The government is also mulling the criteria to select the assets and may seek NITI Aayog’s help to execute the strategy.



A customer withdraws a stack of Indian twenty rupee banknotes at a branch (Photographer: Dhiraj Singh/Bloomberg)
A customer withdraws a stack of Indian twenty rupee banknotes at a branch (Photographer: Dhiraj Singh/Bloomberg)

India may ask state-owned entities to create special purpose vehicles to house their non-core assets for monetisation, according to a senior government official who didn’t want to be identified.

Under the institutional framework being considered by the Department of Investment and Public Asset Management, public-sector companies may have to move land holdings and other non-core assets into these SPVs, the official said.

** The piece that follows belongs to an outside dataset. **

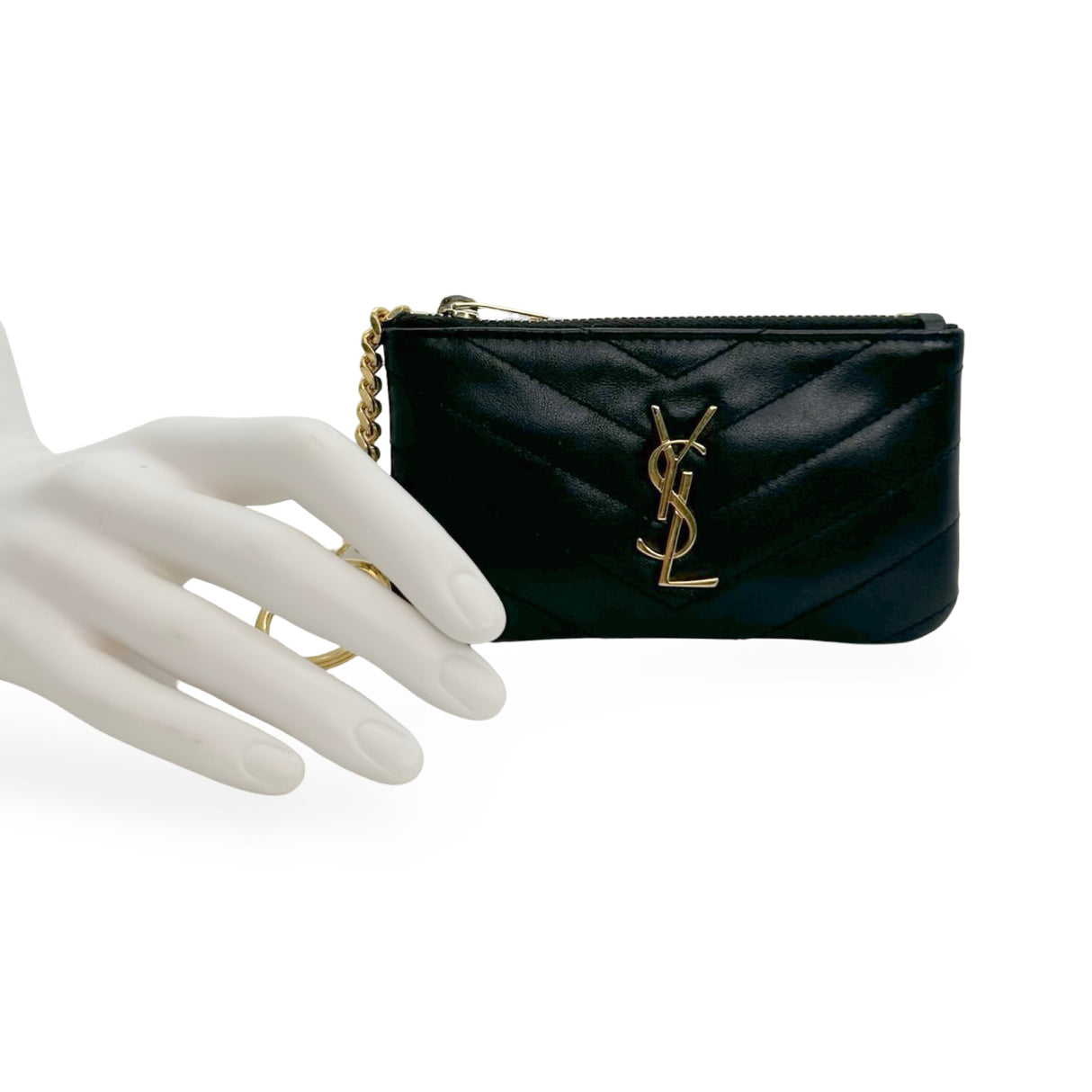 SAINT LAURENT: Quilted Leather Cassandre Zip Key Pouch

The entities would include state-run companies identified for strategic disinvestment where the government is willing to cede control. The existing framework laid out to carve out non-core assets didn’t suggest a way forward, according to the official. The new mechanism is expected to help close strategic sales, the official said.

BloombergQuint had reported earlier that the government is working on a policy that may nudge public-sector companies to monetise non-core assets. It would be similar to the mechanism that requires state-owned enterprises to pay a minimum dividend to the government every year.

Once the new policy is put in place, assets moved to the SPVs can be automatically monetised, the official quoted earlier said. The framework would also nudge asset-heavy state-run enterprises to monetise assets, the official said.

The government is mulling the criteria to select the assets and if the administrative ministry does it or another body should be handed the task, the official said, adding that it may rope in the NITI Aayog. A draft note would be circulated among ministries for consultation.